- **Directions**: Search the records for the string "Solid" and copy every line where it turns up.

Task inputs: Begin

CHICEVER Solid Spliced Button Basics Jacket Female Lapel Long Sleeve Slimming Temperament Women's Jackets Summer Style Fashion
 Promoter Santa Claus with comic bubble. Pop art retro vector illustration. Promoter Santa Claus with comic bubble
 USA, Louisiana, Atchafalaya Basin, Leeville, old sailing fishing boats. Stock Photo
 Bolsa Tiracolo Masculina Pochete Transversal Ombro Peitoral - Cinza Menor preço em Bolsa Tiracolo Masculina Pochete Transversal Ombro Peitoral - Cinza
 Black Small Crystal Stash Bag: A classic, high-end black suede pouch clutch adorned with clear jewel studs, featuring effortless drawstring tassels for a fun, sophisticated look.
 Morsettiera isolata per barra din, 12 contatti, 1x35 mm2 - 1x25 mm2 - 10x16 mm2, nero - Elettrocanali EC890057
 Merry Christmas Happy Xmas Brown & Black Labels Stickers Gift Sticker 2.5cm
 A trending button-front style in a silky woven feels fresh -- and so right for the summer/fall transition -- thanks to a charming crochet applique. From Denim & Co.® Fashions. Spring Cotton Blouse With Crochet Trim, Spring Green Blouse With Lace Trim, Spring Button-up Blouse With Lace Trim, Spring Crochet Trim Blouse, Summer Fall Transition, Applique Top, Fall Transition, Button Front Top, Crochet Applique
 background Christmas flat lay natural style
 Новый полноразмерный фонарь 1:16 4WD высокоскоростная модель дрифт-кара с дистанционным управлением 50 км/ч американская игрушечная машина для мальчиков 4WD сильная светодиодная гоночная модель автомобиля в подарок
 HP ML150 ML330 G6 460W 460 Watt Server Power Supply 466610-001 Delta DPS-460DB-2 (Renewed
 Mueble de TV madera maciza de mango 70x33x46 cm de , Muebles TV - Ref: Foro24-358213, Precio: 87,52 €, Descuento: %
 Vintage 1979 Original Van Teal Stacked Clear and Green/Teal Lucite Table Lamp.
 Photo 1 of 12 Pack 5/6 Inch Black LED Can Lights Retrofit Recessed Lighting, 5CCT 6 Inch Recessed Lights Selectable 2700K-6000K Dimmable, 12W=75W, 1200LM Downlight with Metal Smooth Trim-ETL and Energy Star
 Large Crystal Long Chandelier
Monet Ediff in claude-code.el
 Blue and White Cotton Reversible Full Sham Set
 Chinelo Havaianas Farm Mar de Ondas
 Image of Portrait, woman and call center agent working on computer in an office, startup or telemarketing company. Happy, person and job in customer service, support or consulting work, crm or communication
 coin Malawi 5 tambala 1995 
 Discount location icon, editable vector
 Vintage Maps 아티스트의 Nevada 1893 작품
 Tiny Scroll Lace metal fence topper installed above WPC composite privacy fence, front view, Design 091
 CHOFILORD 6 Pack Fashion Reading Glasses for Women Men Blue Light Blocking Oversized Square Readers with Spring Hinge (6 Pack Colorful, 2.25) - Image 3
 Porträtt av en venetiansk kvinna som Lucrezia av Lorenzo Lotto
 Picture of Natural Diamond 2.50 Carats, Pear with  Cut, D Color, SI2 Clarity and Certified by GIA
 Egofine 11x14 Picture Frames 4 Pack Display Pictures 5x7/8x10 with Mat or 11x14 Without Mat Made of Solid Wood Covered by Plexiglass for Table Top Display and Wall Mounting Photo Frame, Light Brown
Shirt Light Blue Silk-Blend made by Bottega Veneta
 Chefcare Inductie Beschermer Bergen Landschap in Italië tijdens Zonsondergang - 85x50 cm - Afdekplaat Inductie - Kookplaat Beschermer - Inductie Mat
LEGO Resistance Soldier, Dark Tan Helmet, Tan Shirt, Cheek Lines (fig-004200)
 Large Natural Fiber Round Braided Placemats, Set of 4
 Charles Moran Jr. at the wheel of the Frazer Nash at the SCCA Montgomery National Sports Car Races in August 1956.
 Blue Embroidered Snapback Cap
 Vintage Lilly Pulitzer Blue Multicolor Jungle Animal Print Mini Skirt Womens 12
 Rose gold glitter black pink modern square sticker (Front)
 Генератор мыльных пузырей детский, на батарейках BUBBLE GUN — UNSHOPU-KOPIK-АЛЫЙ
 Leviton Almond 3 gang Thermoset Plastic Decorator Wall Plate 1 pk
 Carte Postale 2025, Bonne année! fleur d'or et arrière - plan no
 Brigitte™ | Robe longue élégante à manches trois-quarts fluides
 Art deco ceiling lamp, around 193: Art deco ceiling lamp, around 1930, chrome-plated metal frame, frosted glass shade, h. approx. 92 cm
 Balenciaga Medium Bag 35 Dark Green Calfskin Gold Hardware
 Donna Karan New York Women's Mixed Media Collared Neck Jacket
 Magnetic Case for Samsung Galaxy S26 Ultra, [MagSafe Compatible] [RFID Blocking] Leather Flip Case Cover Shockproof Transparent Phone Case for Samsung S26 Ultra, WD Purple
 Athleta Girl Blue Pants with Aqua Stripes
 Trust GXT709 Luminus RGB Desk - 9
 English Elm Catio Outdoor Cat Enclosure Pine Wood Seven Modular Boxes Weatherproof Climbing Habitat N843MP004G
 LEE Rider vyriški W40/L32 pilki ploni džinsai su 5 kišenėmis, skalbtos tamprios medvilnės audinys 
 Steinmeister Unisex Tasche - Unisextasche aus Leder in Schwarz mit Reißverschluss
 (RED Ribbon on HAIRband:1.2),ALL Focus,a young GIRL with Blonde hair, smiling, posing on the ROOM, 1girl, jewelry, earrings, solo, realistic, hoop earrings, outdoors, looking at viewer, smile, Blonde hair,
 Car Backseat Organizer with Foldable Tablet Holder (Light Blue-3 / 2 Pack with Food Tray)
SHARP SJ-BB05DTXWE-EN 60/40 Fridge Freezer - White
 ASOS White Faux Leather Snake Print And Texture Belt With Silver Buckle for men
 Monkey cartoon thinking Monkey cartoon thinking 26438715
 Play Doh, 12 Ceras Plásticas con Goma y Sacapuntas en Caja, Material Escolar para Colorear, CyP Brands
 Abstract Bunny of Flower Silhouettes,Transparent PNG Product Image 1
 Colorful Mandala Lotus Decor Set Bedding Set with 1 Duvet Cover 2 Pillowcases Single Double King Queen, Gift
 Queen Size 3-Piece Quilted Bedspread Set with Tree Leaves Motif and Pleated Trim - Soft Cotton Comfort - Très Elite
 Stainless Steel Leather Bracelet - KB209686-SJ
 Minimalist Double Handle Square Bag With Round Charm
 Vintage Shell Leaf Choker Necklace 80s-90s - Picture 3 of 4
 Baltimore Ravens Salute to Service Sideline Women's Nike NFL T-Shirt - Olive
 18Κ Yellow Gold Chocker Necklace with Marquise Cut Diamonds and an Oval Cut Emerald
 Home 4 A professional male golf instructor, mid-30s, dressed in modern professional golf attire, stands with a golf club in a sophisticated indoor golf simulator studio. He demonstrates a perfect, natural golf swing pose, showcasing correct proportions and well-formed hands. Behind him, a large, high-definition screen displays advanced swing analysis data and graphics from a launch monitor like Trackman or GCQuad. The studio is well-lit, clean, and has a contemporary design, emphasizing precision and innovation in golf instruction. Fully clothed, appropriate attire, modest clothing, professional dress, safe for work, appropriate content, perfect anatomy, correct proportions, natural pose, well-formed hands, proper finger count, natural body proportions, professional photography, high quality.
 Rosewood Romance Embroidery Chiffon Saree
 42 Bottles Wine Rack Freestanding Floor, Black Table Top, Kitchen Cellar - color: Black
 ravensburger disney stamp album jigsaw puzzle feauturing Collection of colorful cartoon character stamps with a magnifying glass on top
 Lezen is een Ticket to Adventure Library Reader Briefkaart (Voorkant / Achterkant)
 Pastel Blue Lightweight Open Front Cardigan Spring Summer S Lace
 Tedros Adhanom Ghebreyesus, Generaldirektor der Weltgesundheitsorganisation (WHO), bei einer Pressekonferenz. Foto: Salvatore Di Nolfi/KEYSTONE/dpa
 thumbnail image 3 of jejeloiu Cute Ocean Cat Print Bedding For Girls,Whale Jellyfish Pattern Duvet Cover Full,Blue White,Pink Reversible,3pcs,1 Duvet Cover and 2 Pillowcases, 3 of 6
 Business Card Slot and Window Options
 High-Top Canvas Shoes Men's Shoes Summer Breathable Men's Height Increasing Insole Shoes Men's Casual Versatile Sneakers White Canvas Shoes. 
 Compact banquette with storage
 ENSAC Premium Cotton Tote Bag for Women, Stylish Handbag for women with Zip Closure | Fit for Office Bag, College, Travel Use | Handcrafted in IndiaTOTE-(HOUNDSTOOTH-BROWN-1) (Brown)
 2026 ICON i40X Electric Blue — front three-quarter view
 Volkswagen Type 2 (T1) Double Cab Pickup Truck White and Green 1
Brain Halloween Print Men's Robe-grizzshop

Task inputs: End

- **Task result**:
CHICEVER Solid Spliced Button Basics Jacket Female Lapel Long Sleeve Slimming Temperament Women's Jackets Summer Style Fashion
 Egofine 11x14 Picture Frames 4 Pack Display Pictures 5x7/8x10 with Mat or 11x14 Without Mat Made of Solid Wood Covered by Plexiglass for Table Top Display and Wall Mounting Photo Frame, Light Brown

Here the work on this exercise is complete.